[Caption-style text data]
====================

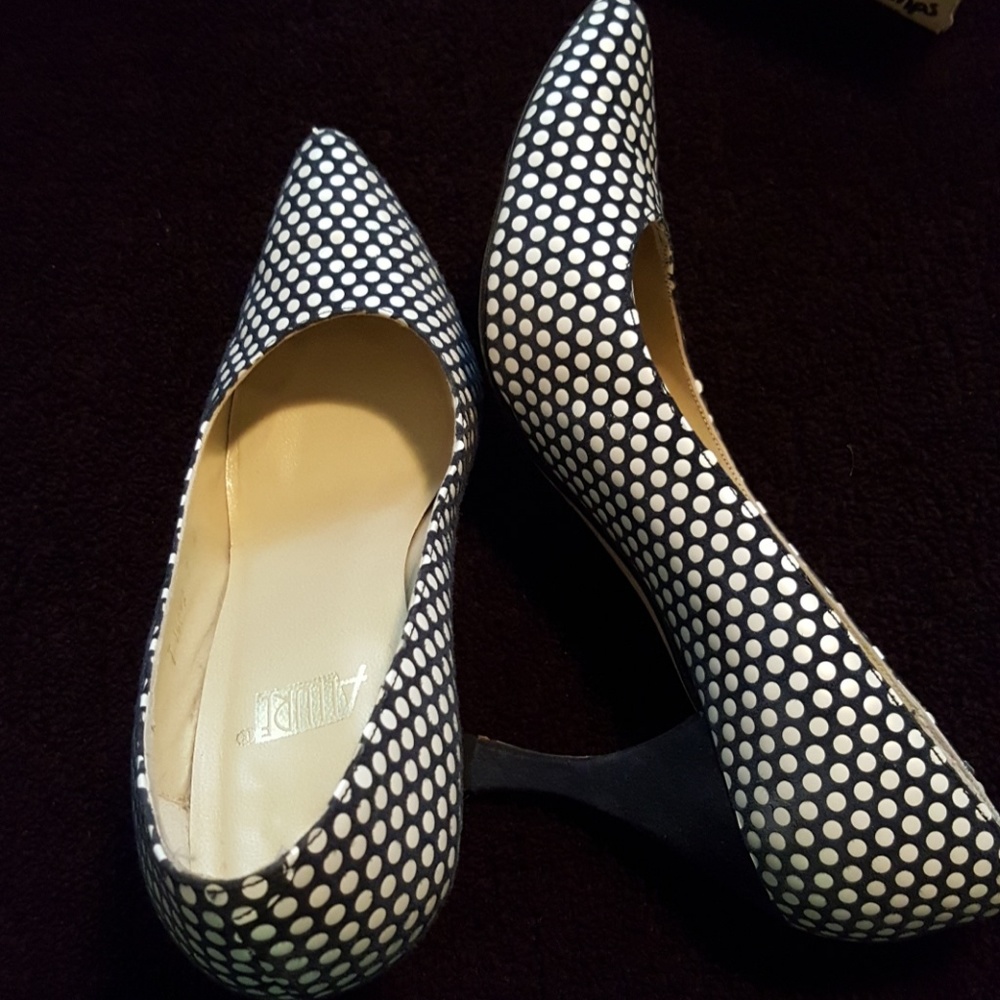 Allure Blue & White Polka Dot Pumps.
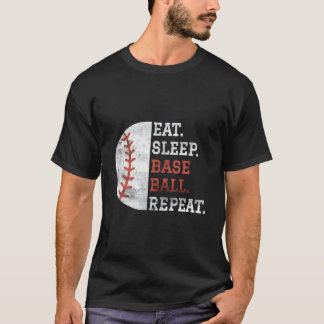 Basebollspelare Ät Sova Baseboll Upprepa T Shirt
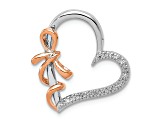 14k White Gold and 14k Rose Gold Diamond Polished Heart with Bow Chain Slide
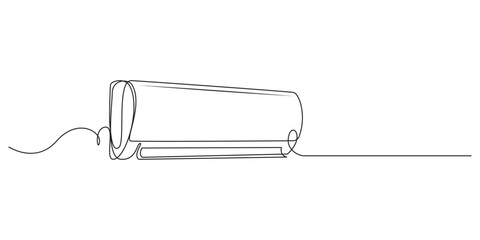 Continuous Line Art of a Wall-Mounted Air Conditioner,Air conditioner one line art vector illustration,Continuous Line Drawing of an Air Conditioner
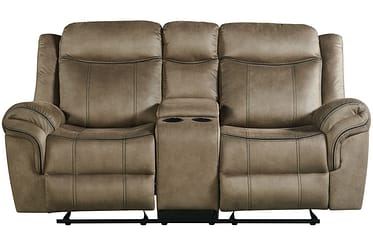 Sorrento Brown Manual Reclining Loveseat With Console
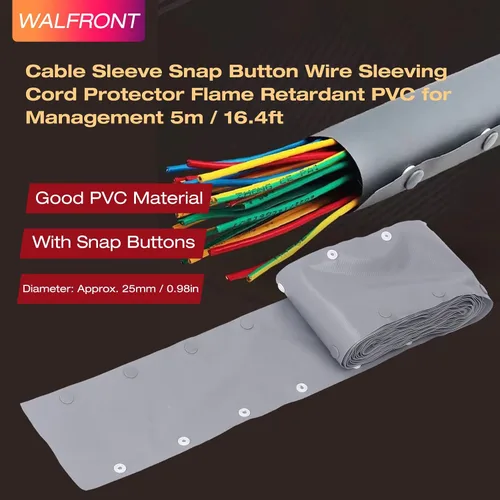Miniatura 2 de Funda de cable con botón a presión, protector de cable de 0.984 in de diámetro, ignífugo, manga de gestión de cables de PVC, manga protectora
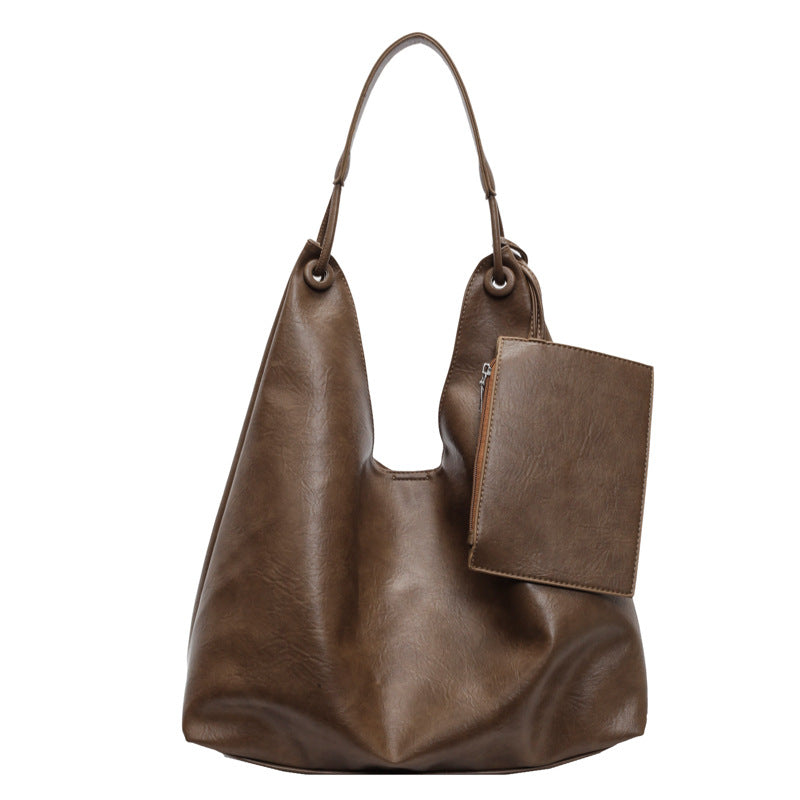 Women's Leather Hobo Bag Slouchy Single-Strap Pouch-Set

====================

Activity |
Set down exactly and only the lines from the line that contains "Basebollspelare Ät Sova" through the last line of the entries above, with both of those lines included and the pictures left out.

Reply |
 Basebollspelare Ät Sova Baseboll Upprepa T Shirt
 14k White Gold and 14k Rose Gold Diamond Polished Heart with Bow Chain Slide
 Continuous Line Art of a Wall-Mounted Air Conditioner,Air conditioner one line art vector illustration,Continuous Line Drawing of an Air Conditioner
 Sorrento Brown Manual Reclining Loveseat With Console
Miniatura 2 de Funda de cable con botón a presión, protector de cable de 0.984 in de diámetro, ignífugo, manga de gestión de cables de PVC, manga protectora
 Women's Leather Hobo Bag Slouchy Single-Strap Pouch-Set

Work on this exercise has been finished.